What are Microfibers?
Microfibers are the most common type of microplastic, but you might hear about them less in part because they are harder to see.
Microfibers are mainly the by-product of the textile, or clothing, industry, especially synthetic fabrics made from plastics. Microfibers have a large impact on aquatic species and water quality. The majority of the microfiber pollution is from single-use plastics and washing clothing without filter systems to stop them from being released into lakes, rivers, and oceans.
Textiles often have various chemicals used in production, such as dyes and treatments that are not universally regulated. Chemicals can also leach out of the fibers and into our water.
Microplastic and Microfibers in Georgian Bay
In 2019, Georgian Bay Forever partnered with the University of Toronto to conduct a study of microplastics and microfibers in Parry Sound. The study measures the number of microplastics and microfibers released from washing machines. The study called “ Divert & Capture: The fight to keep microplastics out of our water” aims to divert microplastics and microfibers entering Georgian Bay, get communities together for shoreline clean ups, and help educate people on microplastics.
The study followed 100 houses in Parry Sound that volunteered to use washing machine filters to collect microfibers and microplastics that would otherwise end up in Georgian Bay. Georgian Bay Forever weights and measure how much has been successfully collected.
Around 90% of microplastics and fibers are captured and removed during the water treatment process, leaving 10% to drain back into the water. This may not seem like a lot but it has a bigger impact than you think!
To help combat this issue, Georgian Bay Forever researched different types of technology to help stop these fibers from getting back into waterways. More technology and more universal filters are needed to help improve this. The research helps to outline how many microfibers can be diverted from the waters in Georgian bay and give us an idea of how much has already made its way into our systems.
We Need You!
There are many ways you can help to reduce microplastics in the Georgian Bay Biosphere.
- Reduce your overall plastic use – here are 10 tips!
- Avoid buying new clothing you don’t need, or synthetic materials
- Participate in local cleanups
- Reduce the use of your washing machine, can you wear something more than once?
- Attach a microfiber filter to your washing machine
- Research what is recyclable in your region
Community Clean Up
See what you can do to tackle in plastic pollution problem in your community! Every little bit helps!

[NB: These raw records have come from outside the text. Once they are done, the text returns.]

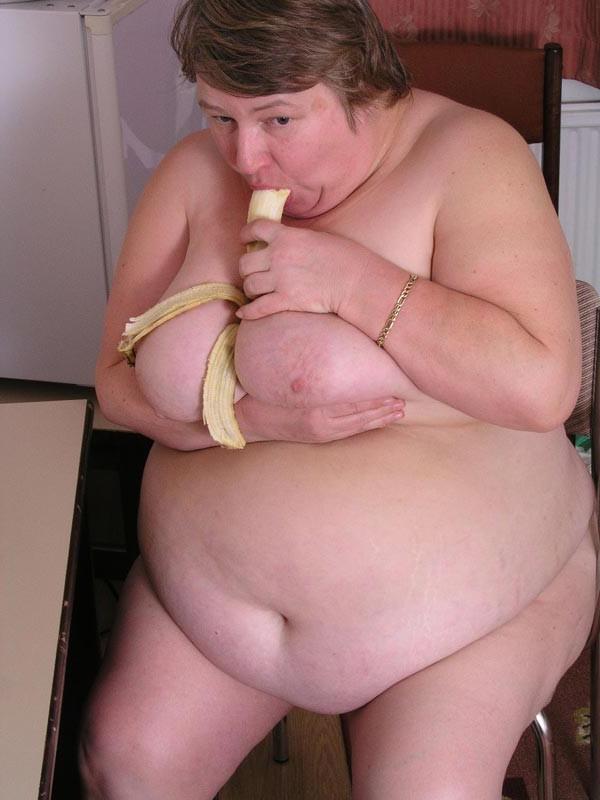 15P Bbw granny with big boobs eating bananas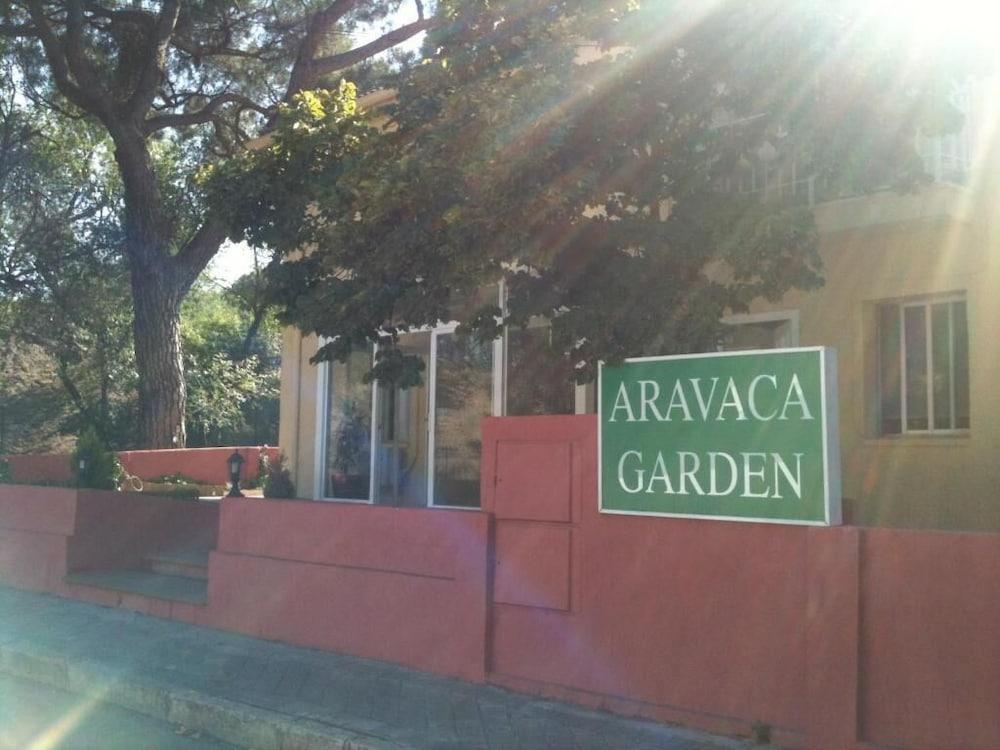 雅拉瓦卡花园酒店 马德里 外观 照片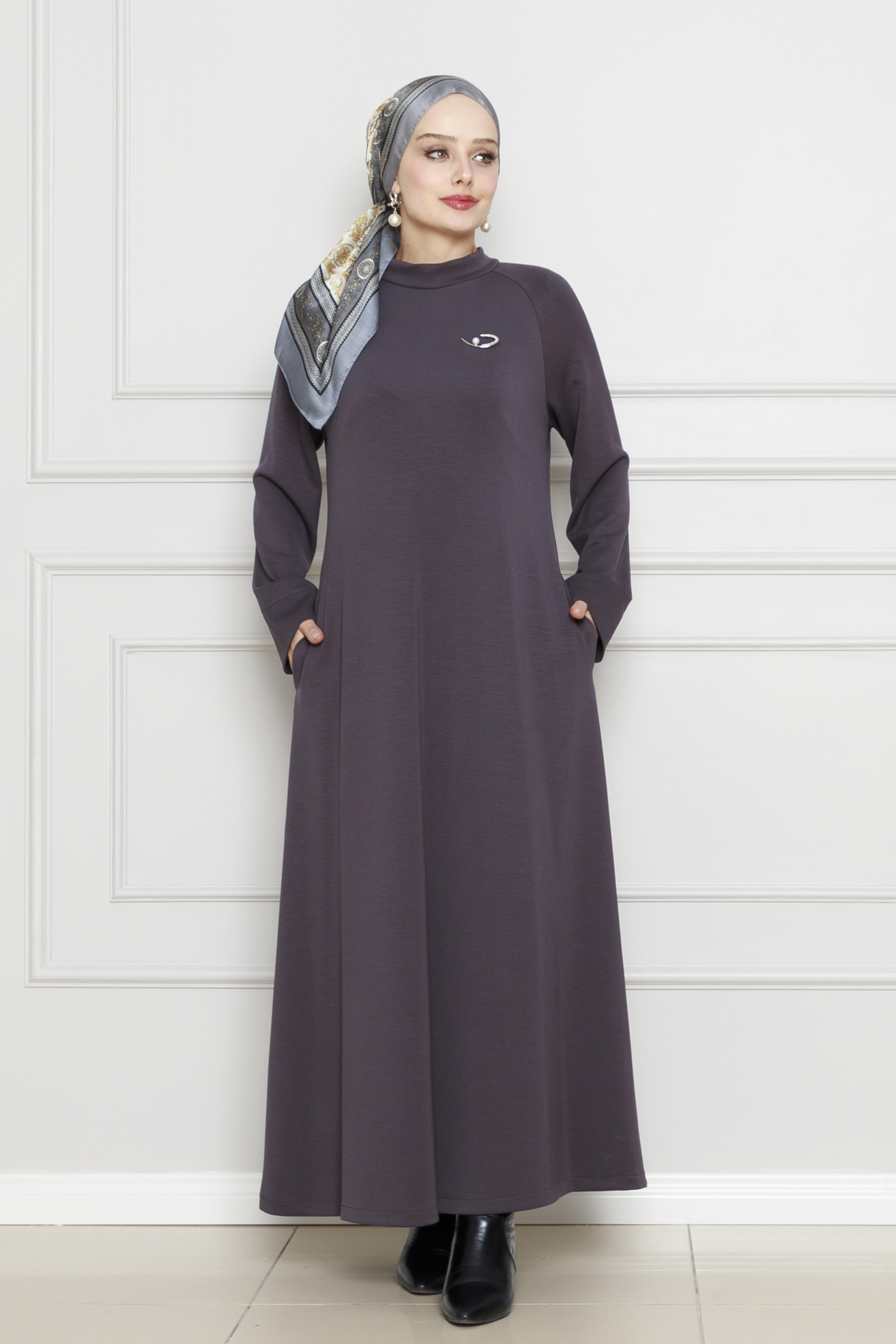 Detailed Dress Brooch - Anthracite color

Next time you are out for a hike, headed to the beach, or just strolling through your neighbourhood, bring a garbage bag with you and pick up litter you find. Separate out the recyclable materials with those that go to the landfill and properly dispose of them once you are finished. Make sure to be cautious with what you are picking up, and bring gloves just in case.
By helping to pick up these larger macroplastics you are stopping them from continuing to breakdown into smaller pieces in the environment and impacting the health of Georgian Bay!